Thursday, August 21, 2014

8th Canadian Challenge - 1st review - Apocalypse for Beginners

So I am very far behind on reviews, but I wanted to at least get on the board in August.  This book was actually read a few months ago.

Apocalypse for Beginners is Nicolas Dickner's second novel, after Nikolski, which I reviewed about a year ago.  My basic feeling was that it (Nikolski) started pretty strong, but that it spun out of control towards the last third or so.  The characters from three storylines didn't interact much or in a particularly interesting way when they finally did criss-cross towards the end.  I guess I didn't want some contrived Crash-like scenario, but it probably would have been better to just skip over their meeting rather than what Dickner came up with.  (As a total aside, I felt Nick Hornby's How to Be Good followed the same pattern of fairly strong start and then a long detour into implausibility and then a pretty damp squib of an ending.)

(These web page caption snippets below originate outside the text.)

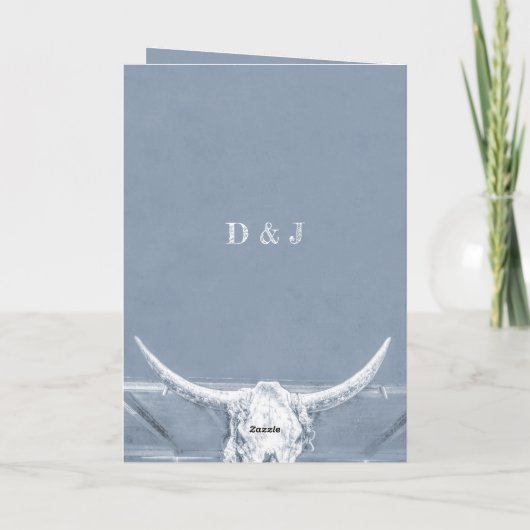 Western Rustisch Blauw Wit sparen de Datum Aankondiging (Achterkant)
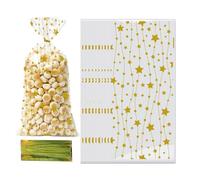 Cute Cookie Bags, Star Pattern Pouches, 50 Pieces Homemade Cookie Packaging for Stocking Stuffers, Paper Material, Candy Bag Set with Transparent Design, Packaging Tool for Holidays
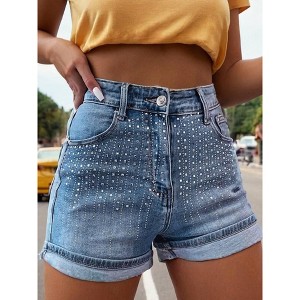 Women's Rhinestone Embellished Denim Short - Kentce Fashion - 1 of 2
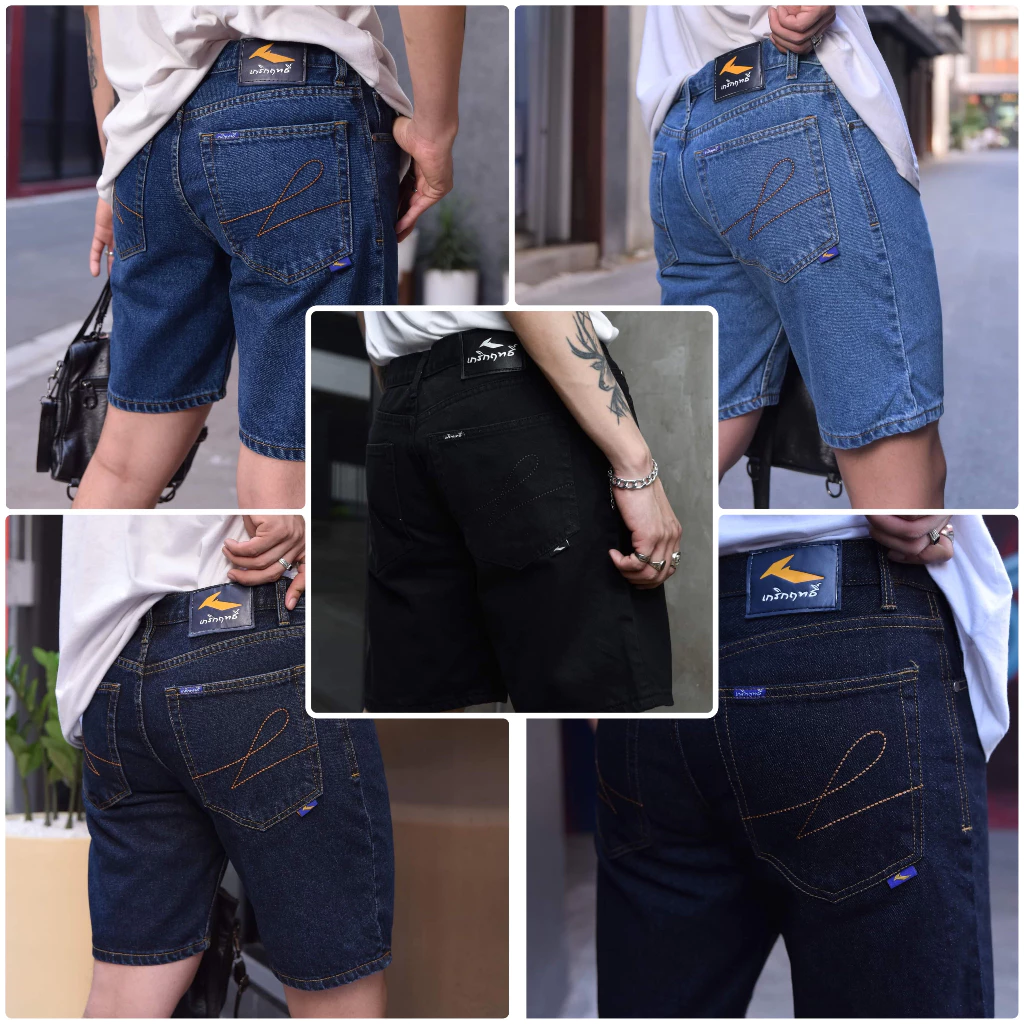 กางเกงยีนส์ขาสั้นชาย เกริกฤทธิ์ยีนส์ รุ่น K03 ผ้า 14Oz เป้าซิป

Well, Apocalypse for Beginners sort of inverts the pattern.  The beginning is super contrived: Hope Randall comes from a long line of prophets, all of whom were convinced the world would come to an end on a specific day (shades of Heaven's Gate -- in fact, there is a whole page on Wikipedia dedicated to the various dates prophets gave for the end of the world -- fascinating).  When the date came and passed, her relatives became deeply depressed and typically suicidal.  So where I have a bit of a problem is that this seems like a genealogical line that would have been snapped a while back.

Once you get past that, things pick up a bit.  Hope and her mother move to town, roughly at the start of Hope's high school years I vaguely recall.  Hope is more or less abandoned by her mother and spends much of her time with a neighbour, Mickey Bauermann, and his fairly normal family.  Hope is super logical, so Mickey believes she has avoided the family curse.

I don't think I am spoiling too much by saying she eventually succumbs.  Also, I know I am not giving anything away by saying that her mother gets increasingly frantic as her personal date approaches, and then more or less collapses after it passes uneventfully.  Hope has to work extremely hard to keep her mother from OD'ing on pills.  Her mother eventually pulls through and finds employment as a bartender at some dive where she can get fairly pissed each night.  Whatever works, I guess.

One thing that I did like about the first half (or even two-thirds) of the book is the fact that Hope is clever at school and is generally a good influence on Mickey.  It is a bit difficult to believe that he never made a move on her, though it was clearly on his mind from time to time.  Another aspect that rang true was how obsessed Hope was with nuclear war.  It's retreated a lot from the front of my mind, but I was just convinced that Reagan was going to embroil us in a real hot war.  Thank goodness it wasn't Reagan vs. Putin, since that could have gotten really ugly.  I've already written how this existential threat coloured my general disposition.  I suppose for a certain group of environmentalists the possibilities of war over natural resources, particularly water, the coming of peak oil (which they largely welcome) and the consequences of global warming have the same impact on their psyches.  I do care about these things and worry about them a fair bit, but I am just exhausted with day to day life most of the time and can't afford to dwell on them to the same extent that a teenager can...


I've sort of forgotten why Mickey never tries to date Hope, but she goes off to Japan (to teach English I think).  Why Japan?  It has something to do with how her date was revealed to her.  Mickey does not go into the family concrete business and in fact moves to Toronto.  He goes through a number of unsatisfactory relationships, and his mother despairs of him settling down and raising some kids.  (She can't quite admit to herself that her other son is gay.)  Mickey comes back for a funeral, and has an epiphany: Hope's doomday date is approaching and he decides he will try to track her down and 1) offer her comfort and 2) see if they are in fact destined for each other.  (While the tone is different, this return to his hometown sort of put me in mind of the start of movie The World's End.)

What sort of bugged me about the book is that it ends without a proper resolution.  (It actually reminded me of Murakami's After Dark in this respect.)  The book works so hard to bring these two together, setting up the readers' expectations.  Either this should come to pass, or some other ending where the two learn just why they can't be together is required.  Cutting off too early is just not cool.  So I can't really wholeheartedly recommend the book, though it does have its moments.

Maybe third time will be the charm, though I have to say I have a lot of other books to read before I would ever get back 'round to Dickner.